Joins: inner, outer, left, right

In (My)SQL, join is a means for combining records from two tables into a single set which can be either returned as is or used in another join. In order to perform the operation a join has to define the relationship between records in either table, as well as the way it will evaluate the relationship. The relationship itself is created through a set of conditions that are part of the join and usually are put inside ON clause. The rest is determined through a join type, which can either be an inner join or an outer join.

The SQL clauses that set the respective join type in a query are [INNER] JOIN and {LEFT | RIGHT} [OUTER] JOIN. As you can see the actual keywords INNER and OUTER are optional and can be omitted, however outer joins require specifying the direction – either left or right (more on that later).

Examples of queries using joins:
SELECT * FROM users JOIN files ON files.owner_id = users.id WHERE users.id = 1;
SELECT * FROM users LEFT JOIN files ON files.owner_id = users.id WHERE users.id = 1;

Inner join, outer join

The primary difference between the two basic types (each has several subtypes) is in making the decision whether joining of two rows was successful or not, which essentially determines whether the combined row can be returned or not.
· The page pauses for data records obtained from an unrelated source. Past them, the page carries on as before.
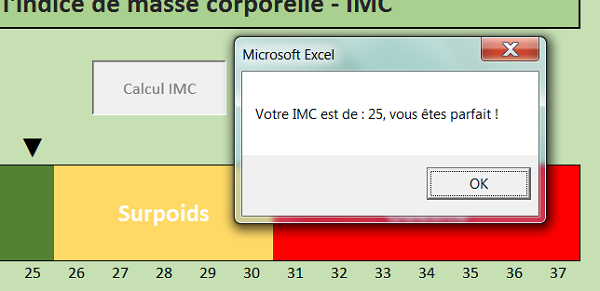 Apllication VBA Excel pour calcul IMC avec If ElseIf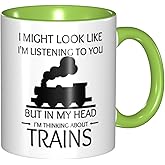 LINKEQICHE Funny Train Lover Gift Coffee Mug Present In My Head I'M Thinking About Trains Internal And Handle Green 11Oz Mug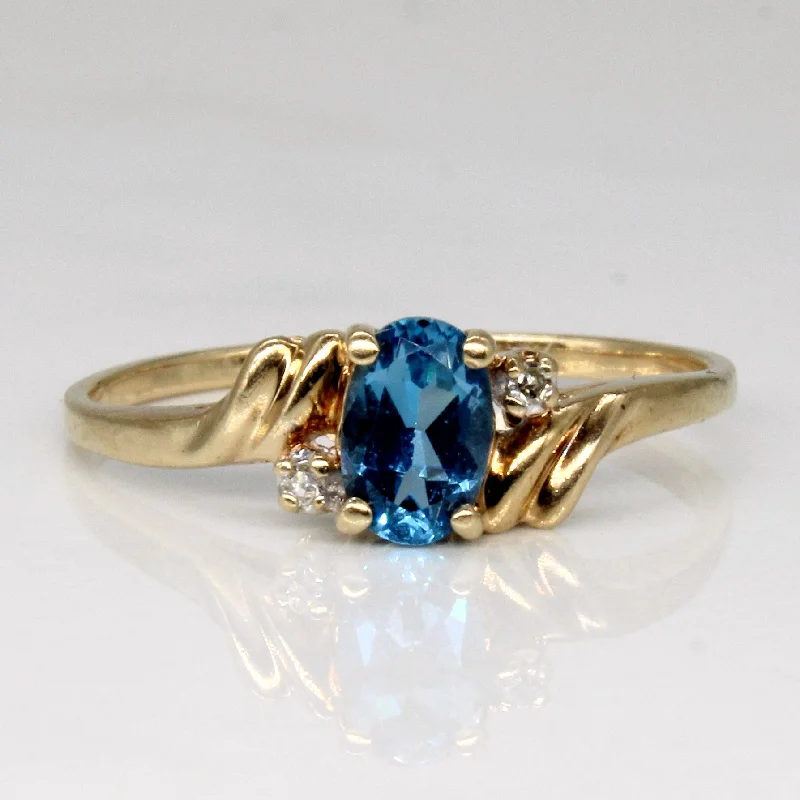 Eco-Friendly Sustainable Jewelry For Conscious Buyers Blue Topaz & Diamond Bypass Ring | 0.46ct, 0.02ctw | SZ 7.25 | Eco-Friendly Sustainable Jewelry For Conscious Buyers Blue Topaz & Diamond Bypass Ring | 0.46ct, 0.02ctw | SZ 7.25 |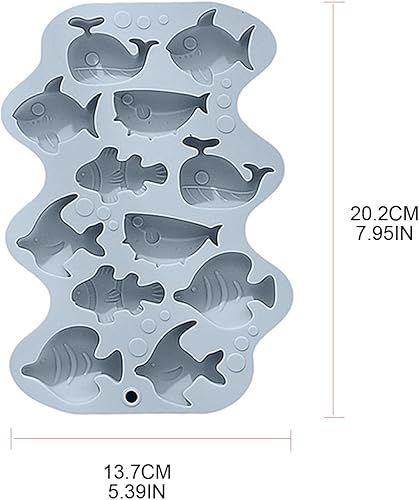Miniatura 4 de Molde de silicona flexible de grado alimenticio de 12 cavidades 3D para peces marinos, resina de arcilla, cerámica, caramelo, fondant, chocolate,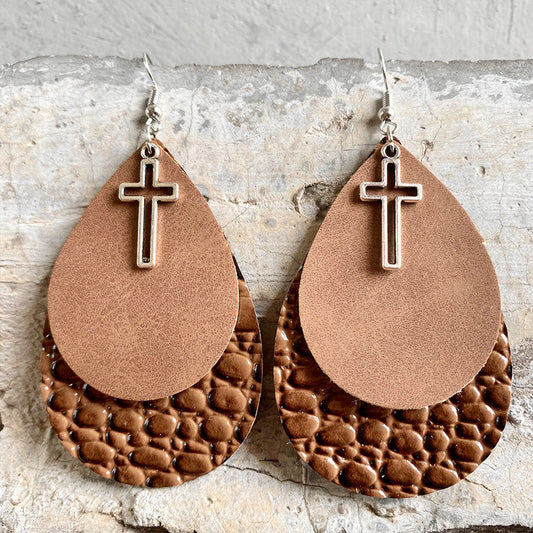 Double Layer Teardrop Cross Crocodile Pattern Leather Earrings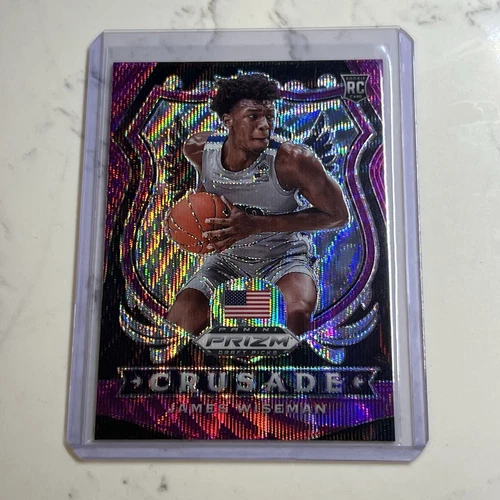 2020-21 Panini Prizm Draft Picks - Crusade Purple Wave Prizm James Wiseman (RC)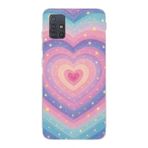 Manitoba Samsung Galaxy M31S Uyumlu Baskılı Yumuşak Silikon Telefon Kılıfı, Gökkuşağı Kalp Desen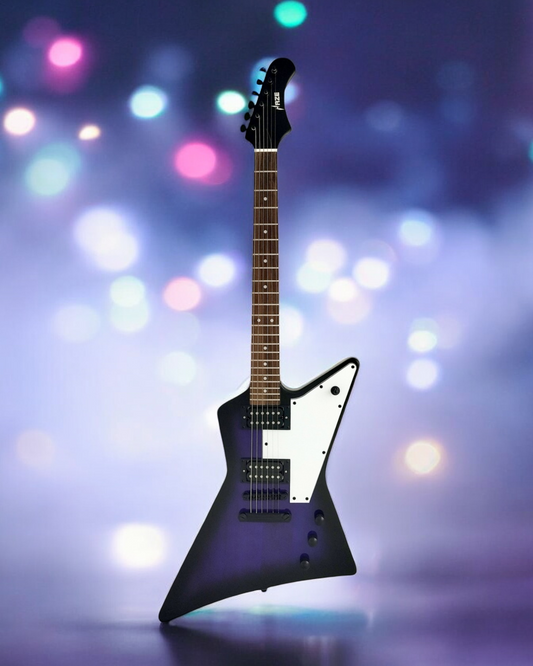 Haze Explorer-Style HH Basswood HEX Electric Guitar - Purpleburst FB1946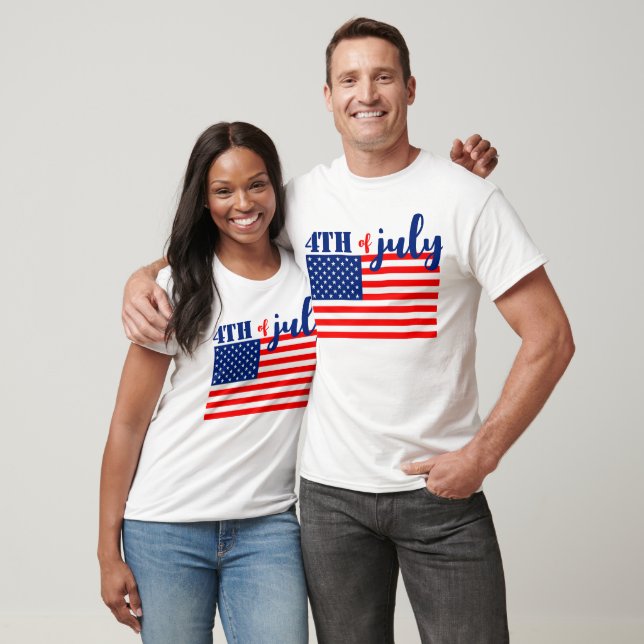 4. Juli Amerikanische Flagge T-Shirt (Unisex)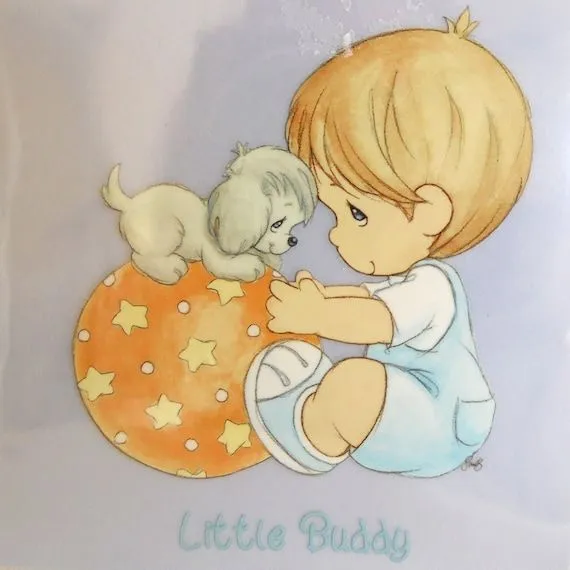 Iron on aplique / Precious Moments/ baby boy and puppy by PinkyRoo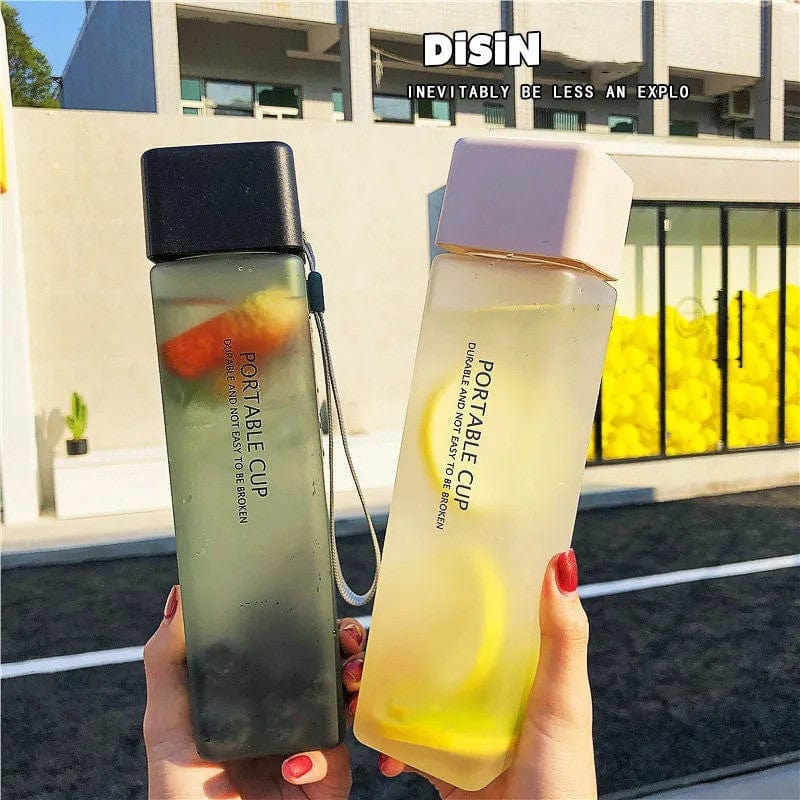 Creative Square Water Bottle Portable Anti-fall Hand Cup Plastic Transparent Sports Travel Bottle Leakproof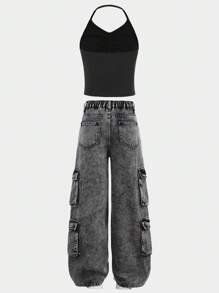 SHEIN Tween Mädchen Tank Top in Denim-Optik und locker sitzende Denim-Cargohose, 2 Stücke Set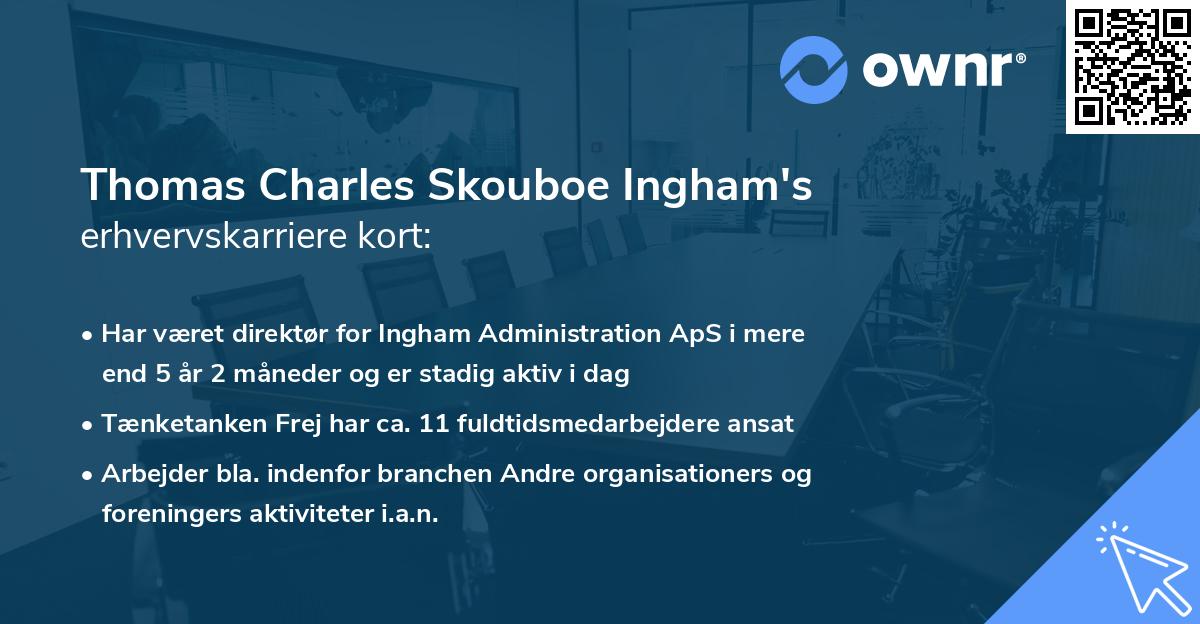 Thomas Charles Skouboe Ingham's erhvervskarriere kort
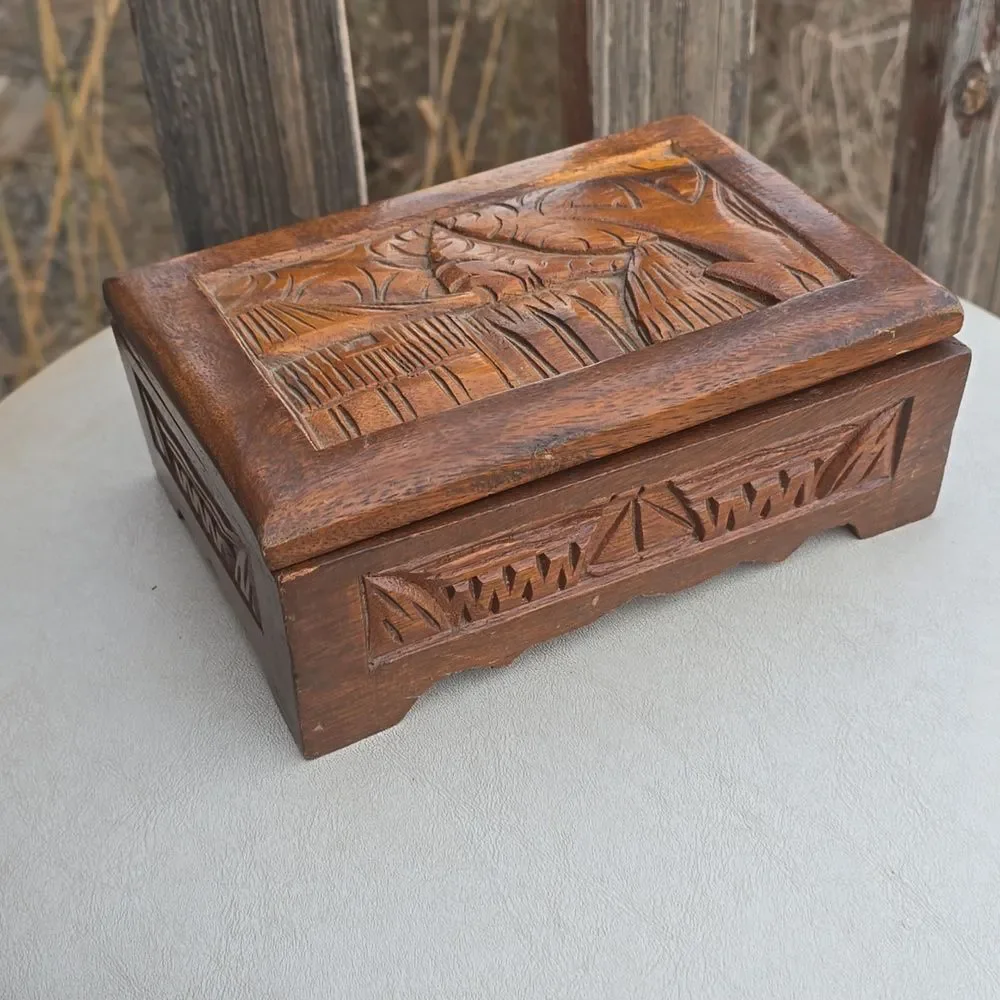 Vintage Hand Carved Wood Jewelry Box Mirror Red Velvet Lined Footed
Inner joins require that a row from the first table has a match in the second table based on the join conditions. In means that the first query from the example above will only return any rows if files table contains at least one record where owner_id is 1 (has to be equal to users.id by the join conditions and users.id is filtered in WHERE to accept only that one value). Otherwise it will return no rows at all, even if users contains a valid user record. Assuming there are two users, but only one has any files:

mysql> SELECT * FROM users JOIN files ON files.owner_id = users.id WHERE users.id = 1;
+----+--------------+---------+----+----------+------------------+
| id | name         | enabled | id | owner_id | filename         |
+----+--------------+---------+----+----------+------------------+
|  1 | Albin Kolano |       1 |  1 |        1 | audit report.doc |
+----+--------------+---------+----+----------+------------------+
1 row in set (0.00 sec)

mysql> SELECT * FROM users JOIN files ON files.owner_id = users.id WHERE users.id = 2;
Empty set (0.01 sec)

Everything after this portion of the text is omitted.